Eine geplante Reform des Nachrichtendienstrechts würde diese Rolle nun grundlegend verändern. Nach den aktuellen Plänen soll das BSI künftig verpflichtet werden, Schwachstellen, die es entdeckt oder von Dritten erfährt, an deutsche Geheimdienste wie den BND weiterzuleiten. Dies würde dem Geheimdienst ermöglichen, diese Lücken zur Überwachung zu nutzen, anstatt sie schnellstmöglich geschlossen zu werden.
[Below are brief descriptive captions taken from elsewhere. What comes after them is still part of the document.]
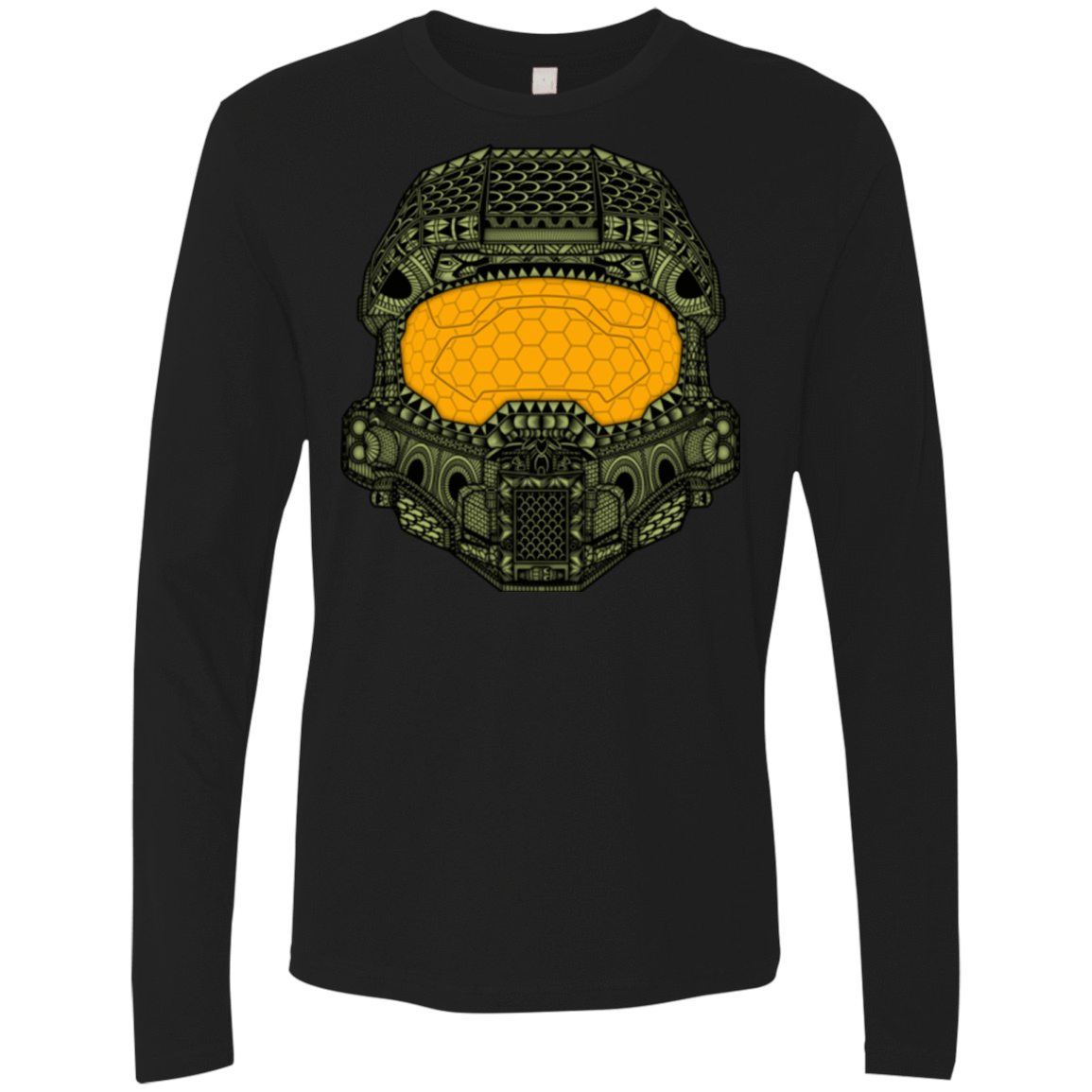 T-Shirts Black / Small The Chief Men's Premium Long Sleeve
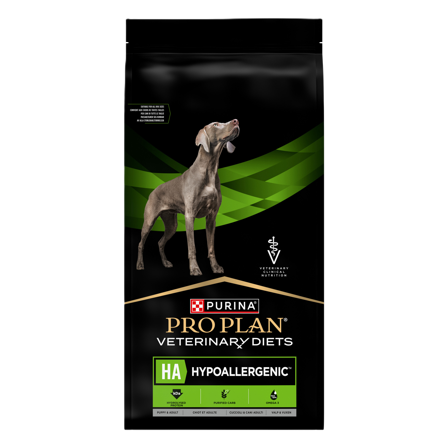 Purina Pro Plan Veterinary Diets - Canine HA Hypo Allergenic Dog Formula 11 kg - Hund - Hundefôr & hundemat - Veterinærfôr for hund - ZOO.no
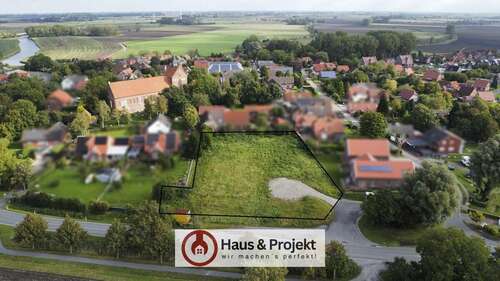 Foto - Grundstück zu verkaufen in Krummhörn Eilsum 329.000,00 € 3424 m²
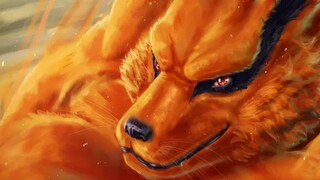 Kurama & Naruto || Kyubi Ekor 9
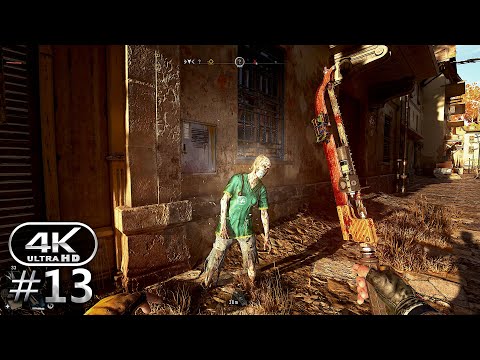 Dying Light 2 4K Gameplay Walkthrough Part 13 - No Commentary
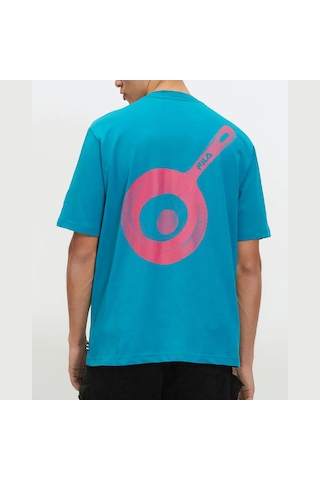 Mavi Fila T-shirt Frying Pan Graphic Lu411113 Mavi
Die IT-Branche und Verbände wie Bitkom, Eco und VATM kritisieren dies massiv. Sie argumentieren, dass der Staat dadurch wissentlich Sicherheitslücken offen hält und den Schutz aller Bürger und Unternehmen gefährdet. Wenn Schwachstellen nicht geschlossen, sondern bewusst geheim gehalten werden, profitieren am Ende auch Cyberkriminelle und ausländische Geheimdienste davon. Das ist ein klassisches Sicherheitsdilemma.
Für KMU ist dies besonders bedenklich. Kleine und mittlere Unternehmen verlassen sich oft auf staatliche Sicherheitshinweise und auf die Integrität des BSI als unabhängiger Institution. Wenn das BSI zum blossen Zulieferer von Geheimdiensten würde, würde sich das Vertrauensverhältnis fundamental verändern. Unternehmen könnten nicht mehr sicher sein, ob sie alle relevanten Sicherheitsinformationen erhalten.
Die Reform stellt damit einen fundamentalen Konflikt dar: der Sicherheit des Staates versus der Sicherheit aller Bürger und Unternehmen. Bislang gilt der Konsens, dass nur das Schliessen von Sicherheitslücken echte Sicherheit bringt. Das Horten von Schwachstellen ist allgemein als fragwürdig angesehen. Die geplante Reform könnte diese grundsätzliche Haltung zum Negativen verändern.